Most people will agree that there are few things more annoying than a crank / scam call; be it from a real human being or from a robot who impersonates a person rather well.
On that note, I urge you to stay in touch with the latest developments. It is rather unnerving how well a robot can imitate both the male & female human voices with all of the emotions & nuances to the point where the imitation becomes indistinguishable from the real thing.
With the crank / scam calls however, I say we have some fun with it!
Here is an example that I thoroughly enjoyed just this morning:
Caller (from Walla Walla, WA): Good morning. Am I speaking with Ganapathy Subrahmaniam?
The pronunciations of both my first & last names were utterly butchered as it happens.

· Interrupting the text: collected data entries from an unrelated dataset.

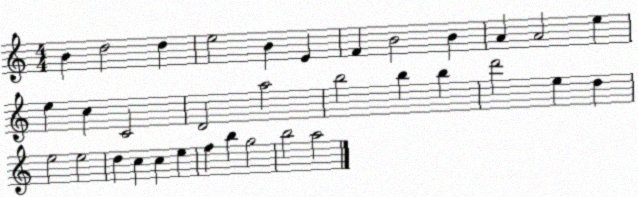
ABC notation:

X:1
T:Untitled
M:4/4
L:1/4
K:C
B d2 d e2 B E F B2 B A A2 e e c C2 D2 a2 b2 b b d'2 e d e2 e2 d c c e f b g2 b2 a2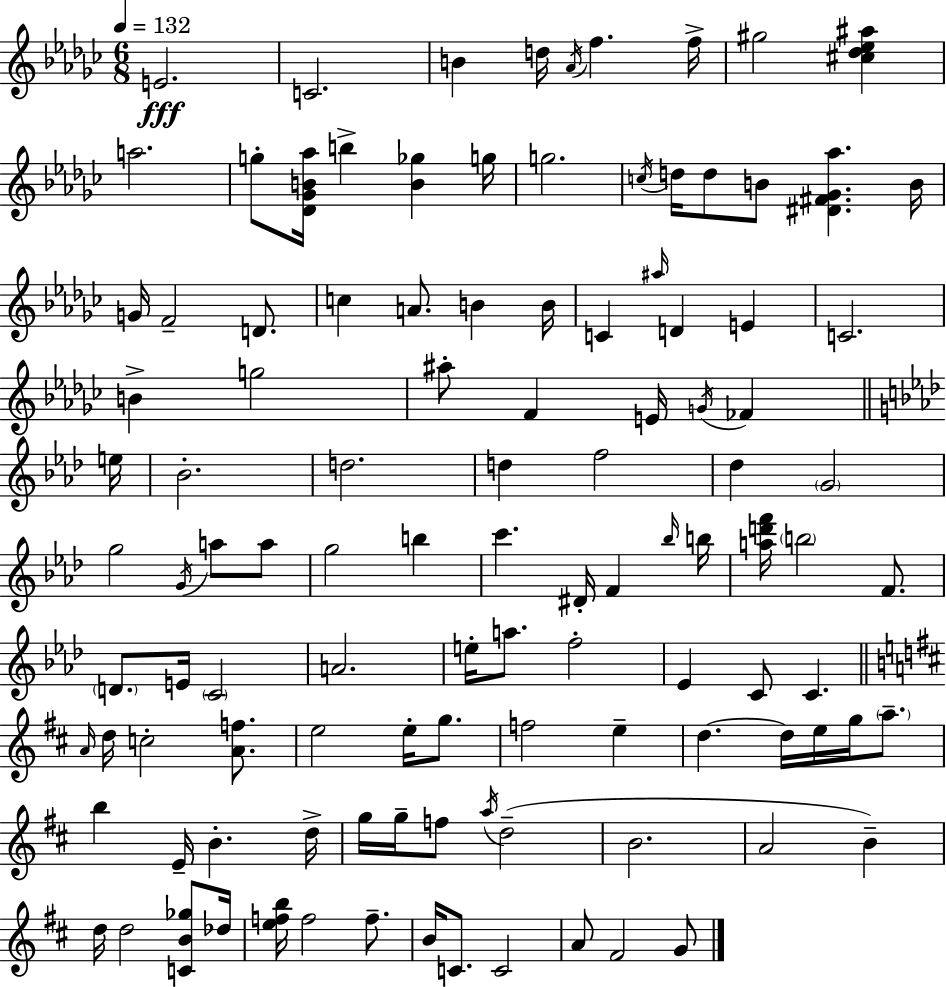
{
  \clef treble
  \numericTimeSignature
  \time 6/8
  \key ees \minor
  \tempo 4 = 132
  e'2.\fff | c'2. | b'4 d''16 \acciaccatura { aes'16 } f''4. | f''16-> gis''2 <cis'' des'' ees'' ais''>4 | \break a''2. | g''8-. <des' ges' b' aes''>16 b''4-> <b' ges''>4 | g''16 g''2. | \acciaccatura { c''16 } d''16 d''8 b'8 <dis' fis' ges' aes''>4. | \break b'16 g'16 f'2-- d'8. | c''4 a'8. b'4 | b'16 c'4 \grace { ais''16 } d'4 e'4 | c'2. | \break b'4-> g''2 | ais''8-. f'4 e'16 \acciaccatura { g'16 } fes'4 | \bar "||" \break \key aes \major e''16 bes'2.-. | d''2. | d''4 f''2 | des''4 \parenthesize g'2 | \break g''2 \acciaccatura { g'16 } a''8 | a''8 g''2 b''4 | c'''4. dis'16-. f'4 | \grace { bes''16 } b''16 <a'' d''' f'''>16 \parenthesize b''2 | \break f'8. \parenthesize d'8. e'16 \parenthesize c'2 | a'2. | e''16-. a''8. f''2-. | ees'4 c'8 c'4. | \break \bar "||" \break \key d \major \grace { a'16 } d''16 c''2-. <a' f''>8. | e''2 e''16-. g''8. | f''2 e''4-- | d''4.~~ d''16 e''16 g''16 \parenthesize a''8.-- | \break b''4 e'16-- b'4.-. | d''16-> g''16 g''16-- f''8 \acciaccatura { a''16 }( d''2-- | b'2. | a'2 b'4--) | \break d''16 d''2 <c' b' ges''>8 | des''16 <e'' f'' b''>16 f''2 f''8.-- | b'16 c'8. c'2 | a'8 fis'2 | \break g'8 \bar "|."
}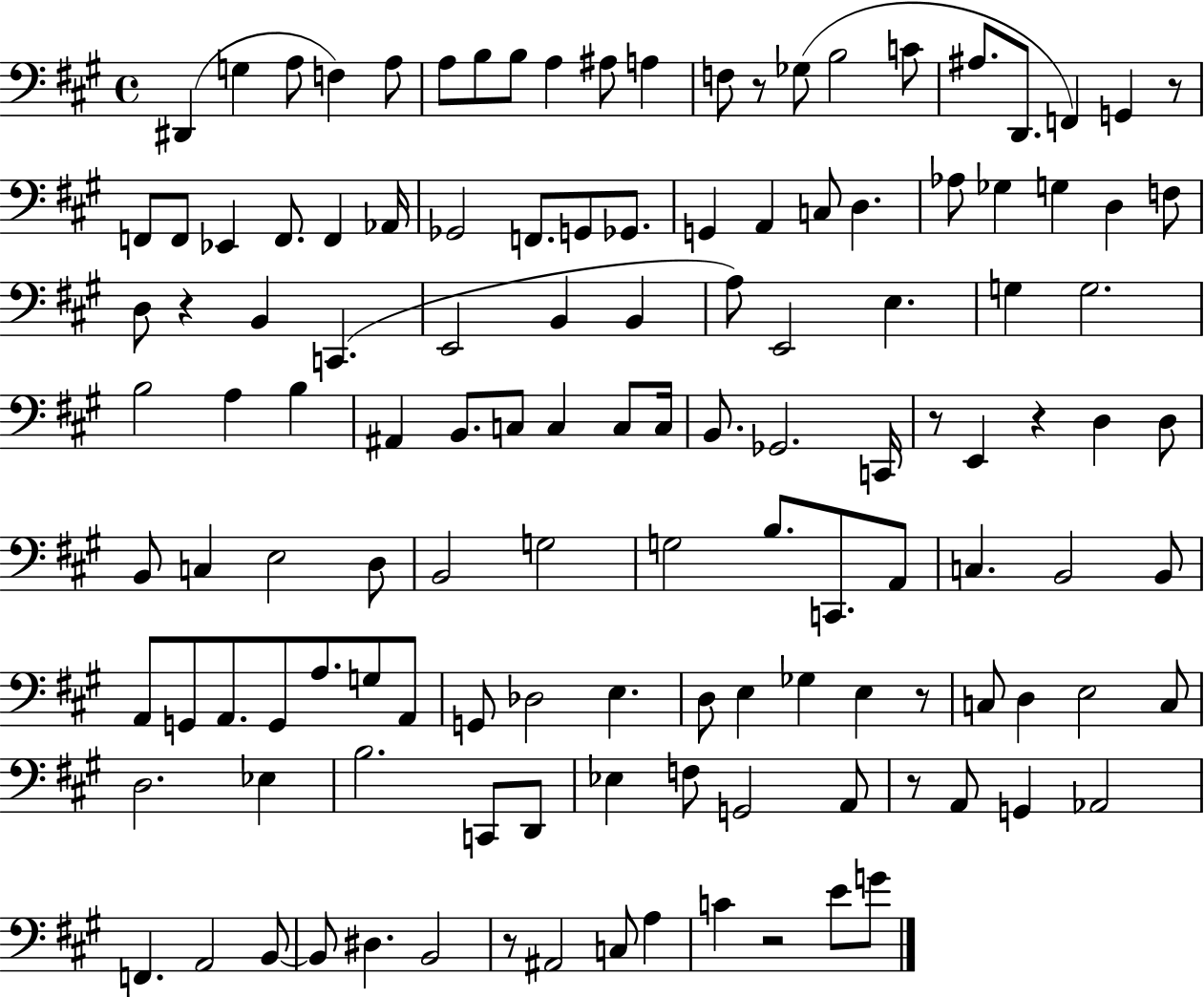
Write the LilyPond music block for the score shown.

{
  \clef bass
  \time 4/4
  \defaultTimeSignature
  \key a \major
  dis,4( g4 a8 f4) a8 | a8 b8 b8 a4 ais8 a4 | f8 r8 ges8( b2 c'8 | ais8. d,8. f,4) g,4 r8 | \break f,8 f,8 ees,4 f,8. f,4 aes,16 | ges,2 f,8. g,8 ges,8. | g,4 a,4 c8 d4. | aes8 ges4 g4 d4 f8 | \break d8 r4 b,4 c,4.( | e,2 b,4 b,4 | a8) e,2 e4. | g4 g2. | \break b2 a4 b4 | ais,4 b,8. c8 c4 c8 c16 | b,8. ges,2. c,16 | r8 e,4 r4 d4 d8 | \break b,8 c4 e2 d8 | b,2 g2 | g2 b8. c,8. a,8 | c4. b,2 b,8 | \break a,8 g,8 a,8. g,8 a8. g8 a,8 | g,8 des2 e4. | d8 e4 ges4 e4 r8 | c8 d4 e2 c8 | \break d2. ees4 | b2. c,8 d,8 | ees4 f8 g,2 a,8 | r8 a,8 g,4 aes,2 | \break f,4. a,2 b,8~~ | b,8 dis4. b,2 | r8 ais,2 c8 a4 | c'4 r2 e'8 g'8 | \break \bar "|."
}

Me: Yes, this is he…I think. (I can already tell this one is going to provide me some entertainment…)
Caller: Hello Mr. Ganapathy. My name is Dinesh and I am calling from Microsoft. For the last 5 months, our system has been receiving several error reports from your HP computer. There are many malicious software that have been downloaded onto this computer and it could crash at any moment!
I have to say the sense of urgency in this voice was vibrant & almost convincing.
Me: Oh that’s shocking. What do you think I should do?
Caller: If you can give me your computer model number & IP address, I think that I can resolve the issue right away.
Me: Oh that’s wonderful. Thank you Dinesh. I do have 1 question though.
Caller: What’s that sir?
Me: My Lenovo computer; which is the only one that I own; hasn’t shown me any error messages yet. Can you please ask if it is suffering from an identity crisis since it has been sending you error messages over the last 5 months posing as a HP computer?
The call ended abruptly for some odd reason. Can’t always trust an AT&T network either these days.